Она лежит на печи у бабушки Онеги — так зовут бабушку, честное слово, Онега, как река, — и не спит. За стеной, в мастерской, что-то поскрипывает. Глина, думает девочка. Глина сохнет и разговаривает. Днем бабушка лепит игрушки — тех самых каргопольских коньков, баб с корзинами, бородатых мужиков, — а потом обжигает их в печи и расписывает. Синие крестики. Красные ромбы. Солнышки с лучами во все стороны.

Пахнет глиной, мятой и старым деревом. Хорошо пахнет.

И вот в окно — упала звезда.

Не так, как в книжках, красиво и издалека. А по-настоящему, нахально: чиркнула по небу, пронеслась над огородами, над баней, и — плюх! — прямо в Онегу-реку. Зашипело. Погасло. И река, которая только что лежала гладкая, как зеркало, вдруг пошла кругами, будто ей за шиворот кинули уголек.

Варя села.

На подоконнике кто-то кашлянул.

Это был Полкан. Глиняный. Полконя-получеловек, с бородой лопатой и грозными бровями, — бабушка вылепила его вчера и поставила сохнуть. Днем он был просто игрушкой. А сейчас переступал копытцами по деревянному подоконнику, разминался и смотрел на Варю сердито.

— Ну что расселась, — сказал он. Голос у него был хриплый, как у простуженного деда. — Звезду ронять — это тебе не блины печь. Роняют, а обратно кто вешать будет? Пушкин?

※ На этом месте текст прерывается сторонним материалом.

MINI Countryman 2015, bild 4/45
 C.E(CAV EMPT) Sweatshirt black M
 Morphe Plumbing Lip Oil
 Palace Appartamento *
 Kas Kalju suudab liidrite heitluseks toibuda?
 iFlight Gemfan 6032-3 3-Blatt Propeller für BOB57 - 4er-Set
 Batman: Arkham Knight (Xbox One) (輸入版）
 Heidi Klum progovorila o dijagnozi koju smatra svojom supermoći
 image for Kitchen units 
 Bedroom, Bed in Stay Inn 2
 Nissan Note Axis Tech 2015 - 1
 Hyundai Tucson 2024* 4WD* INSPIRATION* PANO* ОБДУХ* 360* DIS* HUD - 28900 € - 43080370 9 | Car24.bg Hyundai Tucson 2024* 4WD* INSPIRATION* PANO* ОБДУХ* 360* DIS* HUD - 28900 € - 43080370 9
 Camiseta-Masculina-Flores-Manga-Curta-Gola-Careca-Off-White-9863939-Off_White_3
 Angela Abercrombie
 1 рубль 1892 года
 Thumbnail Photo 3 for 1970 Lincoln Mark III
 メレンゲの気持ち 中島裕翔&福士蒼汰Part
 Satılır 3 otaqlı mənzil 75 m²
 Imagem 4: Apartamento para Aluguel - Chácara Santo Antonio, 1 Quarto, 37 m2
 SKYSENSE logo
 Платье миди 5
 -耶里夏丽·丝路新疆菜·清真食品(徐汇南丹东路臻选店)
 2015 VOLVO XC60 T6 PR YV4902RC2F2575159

— Я не роняла, — прошептала Варя.

— Все так говорят.

Он спрыгнул на пол. Тюк. Еще тюк. И пошел к двери, цокая, — маленький, с ладонь, а важный, как воевода.

— Одевайся, — бросил через плечо. — Босиком по росе — застудишься, а мне потом бабка твоя голову оторвет. Метафорически. У меня и шеи-то толком нет.

Варя натянула платье. Сунула ноги в резиновые сапоги — большие, отцовы. И вышла следом.

Двор.

Мокрая крапива у забора светилась. Не блестела — именно светилась, тихо, зеленовато, будто под каждым листом кто-то держал свечку. И весь Каргополь стал другим. Не спящим — а притаившимся. Из-под крыльца на них глянула кошка, соседская, рыжая Муська; глаза ее горели два уголька, но она не мяукнула, только повела ухом. Кошки в такую ночь знают больше людей и молчат из вежливости.

— Как же мы ее достанем, — сказала Варя. — Звезду. Она в реке.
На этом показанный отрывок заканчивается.